# How to program random processes

#### Mdmguyon

Summary
I want to be able to determine the average number of trials it takes for an event to happen if the other events can't repeat with there being a limit to how many events can be seen.
A simple example would be to take a deck of 52 cards and deal them out until the ace of spades is seen except that I'd quit after I saw 20 cards. I'm not very sophisticated in programming. I use GW Basic, which has been generally adequate, and I have much experience with Excel and Lotus spreadsheets. In GW Basic, I successfully wrote a program that would give me the answer to the same question with 10 cards, but I want to be able to write a program that would handle thousands of different events with differing probabilities without having to list each one. That there are only a few categories of events gives me hope that this is simple. Might a spreadsheet be able to do this?

Related Programming and Computer Science News on Phys.org

#### mfb

Mentor
What is the average of "5, 10, not seen"?
If you have a single card it is easy. It has a 1/52 probability to appear at place N for every N, pen and paper can give you an exact solution. What that means for the average depends on how you handle "not seen".

#### DEvens

Gold Member
It's not clear what you want to accomplish. You want to handle thousands of different events without listing them?

As mfb suggests, you also need to be very careful about exactly what you want to calculate. Maybe what you want is to actually scan through the possibility tree and analytically do the the result. Or maybe what you want is to roll a lot of random numbers and estimate the result on that basis. Either way, you need to carefully think about what you want to calculate, and how to do it.

If you choose the random number thing, the buzz-phrase to search on is "Monte Carlo methods."

Depending on the level of sophistication, the random number generator built into the typical spreadsheet program may not be adequate. You should think carefully about what requirements you have with regard to your random numbers. You can do some things with the MS Excel built in, but not a lot. You should be able to easily google up some random number algorithms and find one that satisfies your requirements.

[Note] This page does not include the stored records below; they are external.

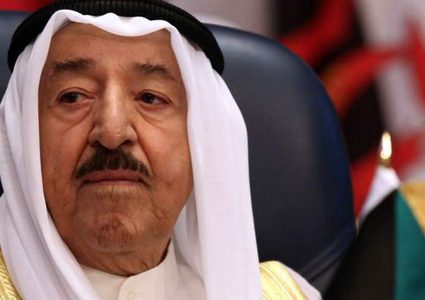 أمير الكويت يقبل استقالة الحكومة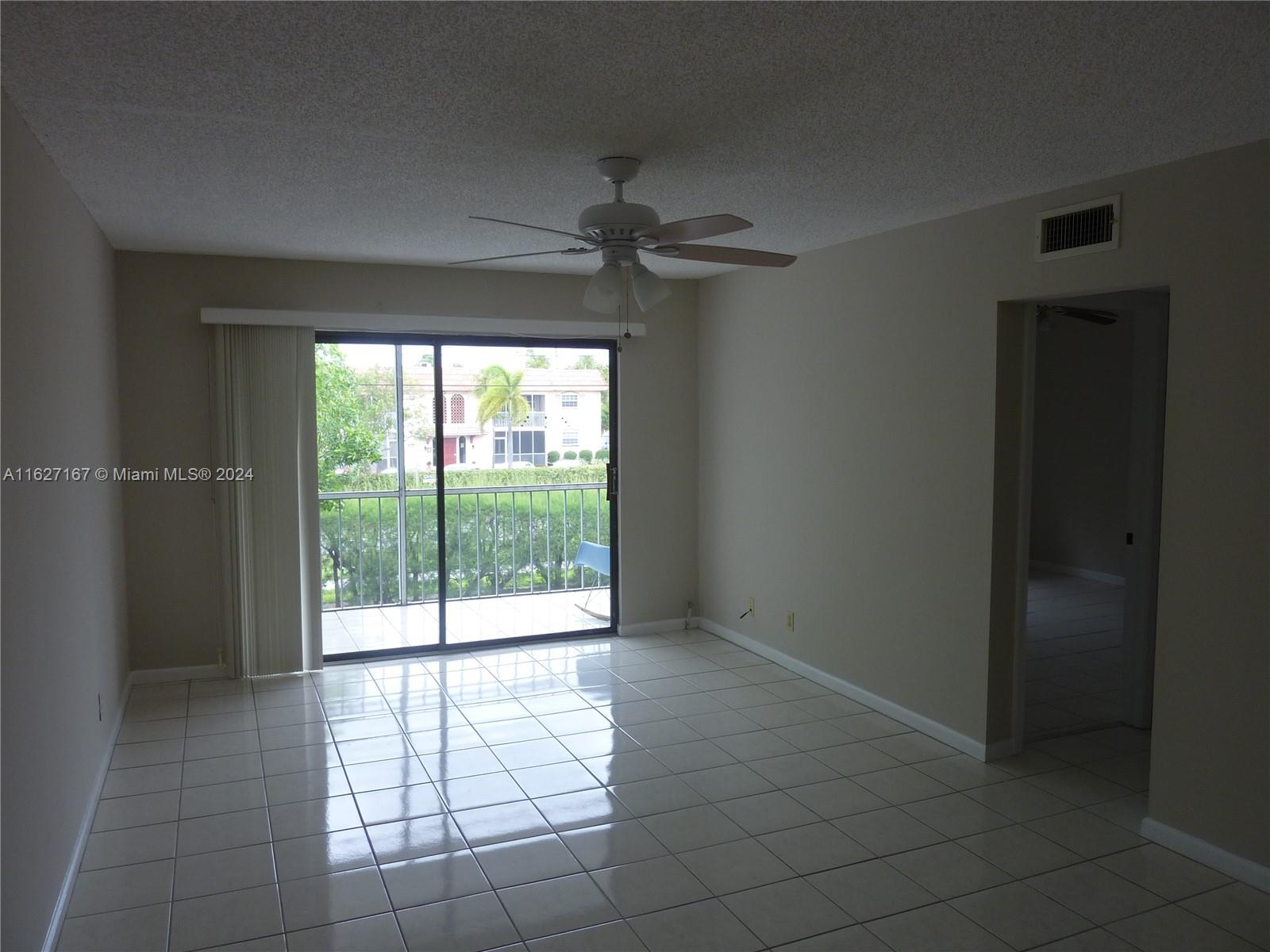 180 Cypress Club Dr 834 Property Photo 7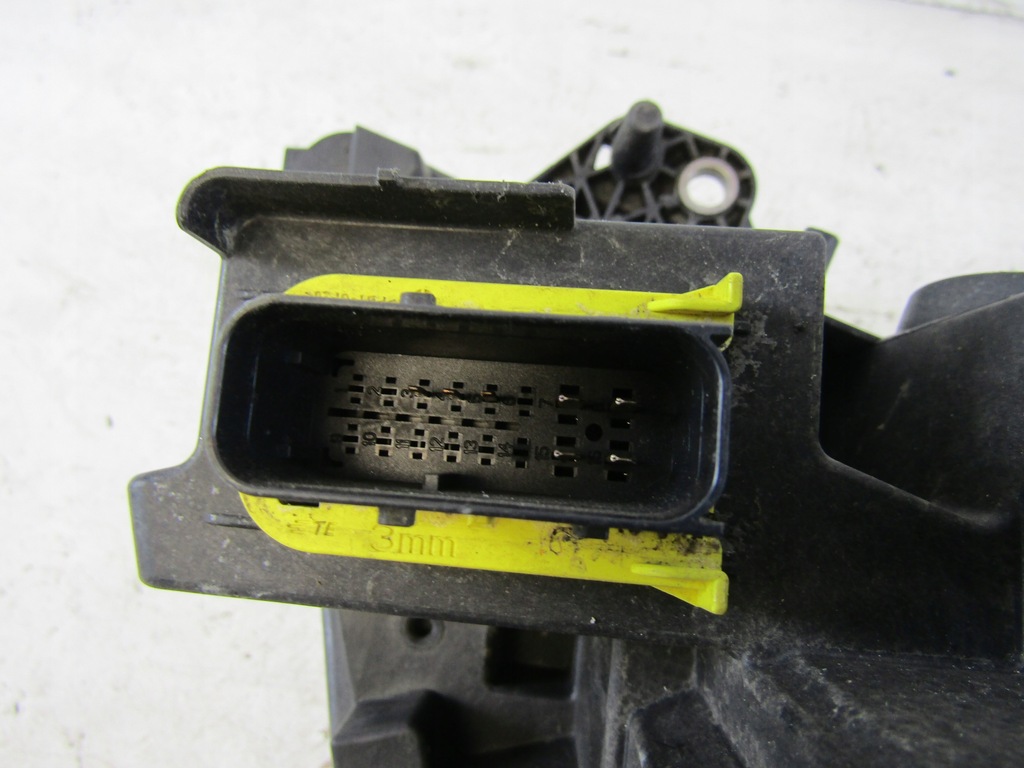 фото №14, Volvo fh4 лампа правая перед 22239217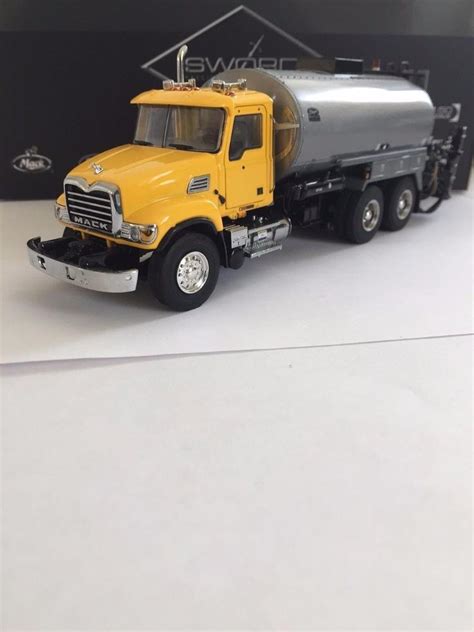 mack granite etnyre asphalt distributor truck sword diecast sw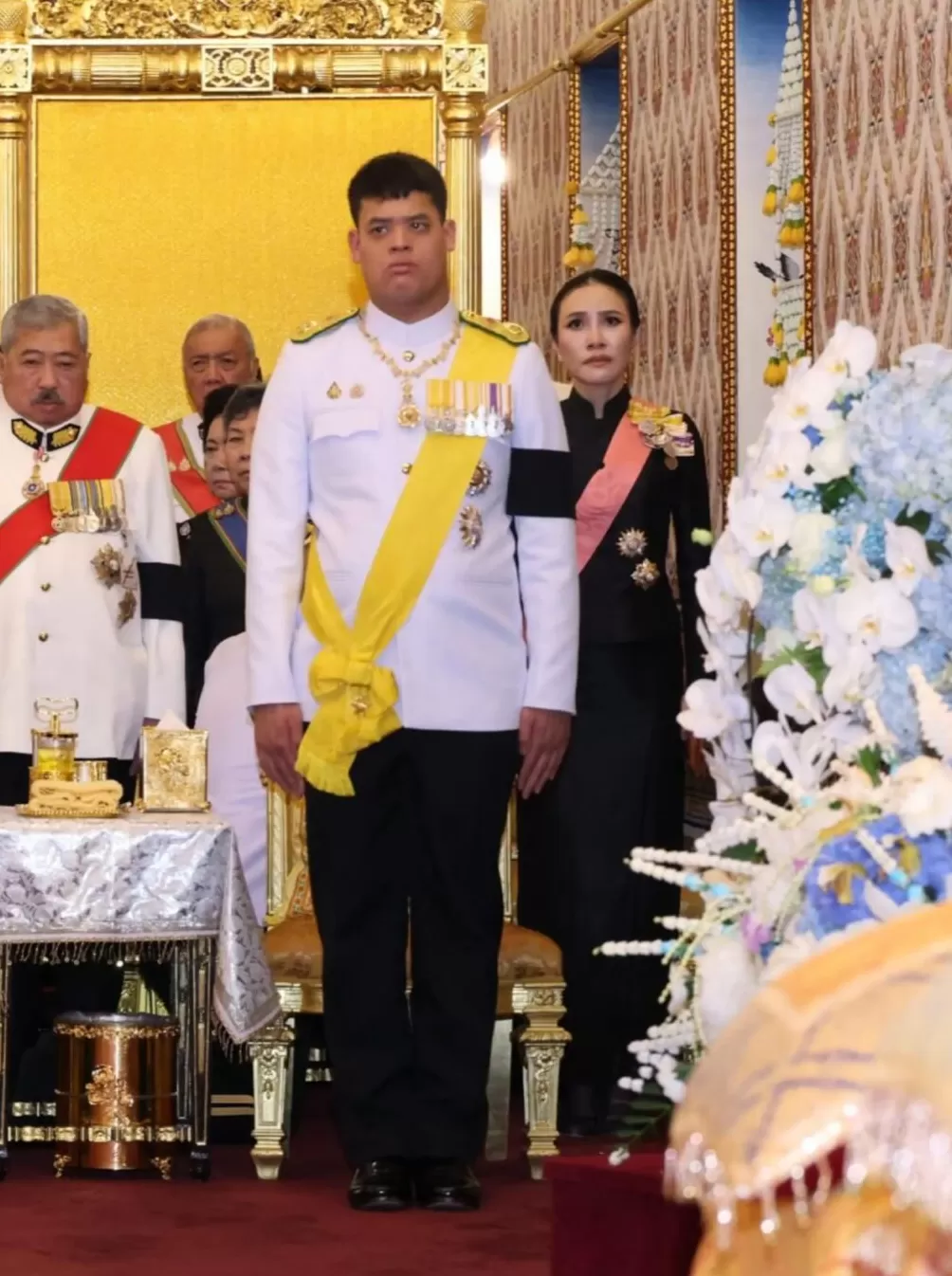 泰贵妃诗妮娜强势复出？王太后葬礼稳坐准太子身边，辅佐其多年要与王后斗到底？-第5张图片-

If you are comfortable with GWBasic, then the visual basic that comes with MS Excel should be easy to pick up.

If you do the random number thing, tou also need to think carefully about things like the statistical uncertainty in your answer. There are a bunch of different ways you can approach that.

#### FactChecker

Gold Member
2018 Award
You might be able to clarify what you want to program if you make a flowchart diagram or write some "pseudocode" that describes what you want the program to do.

#### Mdmguyon

I may have been misleading in the first description of my problem. It is average time that I want to measure, not the average number of trials. It's a randomized slideshow in which no picture can repeat and each picture stays on the screen for differing durations. A simplified version would be a slideshow that has 3000 pictures, 2900 of which stay on the screen for 20 seconds and 100 of which stay on the screen for 5 minutes. There are 10 pictures which would stop the slideshow and the slideshow will stop after 2 hours and 40 minutes. What is the average duration of the slideshow? The only thing I can think of is to list each of 3000 possibilities in a randomized program and arrange for each picture that shows to not be able to repeat, so that I can run many trials and see what the average duration is, but that's too much trouble. Is there a way to do a randomized program and tell the number of each type of picture to be reduced by 1 each time one shows?

#### Mdmguyon

A question I have that is indirectly related is that I want to find a randomized slideshow that allows all pictures to always have the same chance of occurring, no matter how many times they’ve shown. It seems like that would be simpler to program. The only ones I'm familiar with, including the one I'm using (MegaView), don't allow any picture to repeat until all pictures have shown. I've read that many versions of software are sold only with the agreement that they not be "reverse engineered." I don't necessarily even know what that means, but I assume it means that the program can be altered. Might there be a way to get into MegaView's program and eliminate the part that keeps pictures from repeating? One way in which this is relevant to my original question is that I'd want to use fewer pictures, so the mathematics might be easier, both because the numbers would be smaller and I wouldn't have to tell a randomized program to eliminate any picture that had shown.

Last edited:

#### mastrofoffi

It's not clear (at least to me) what you want to obtain.
You said the first example was misleading, hence referring to the example you gave in #5, your problem seems to be the following:
you have a set of $N$ pictures which are to be displayed, in a random order, without repetitions in a given time interval $T$ and to each of them is assigned a displaying time $t_i$, with $i=1,2,\ldots, N$; in addition you have the constraint that a number $M$ out of the $N$ pictures will end the slideshow before the established time $T$, and you want to know what is the average time a picture was displayed.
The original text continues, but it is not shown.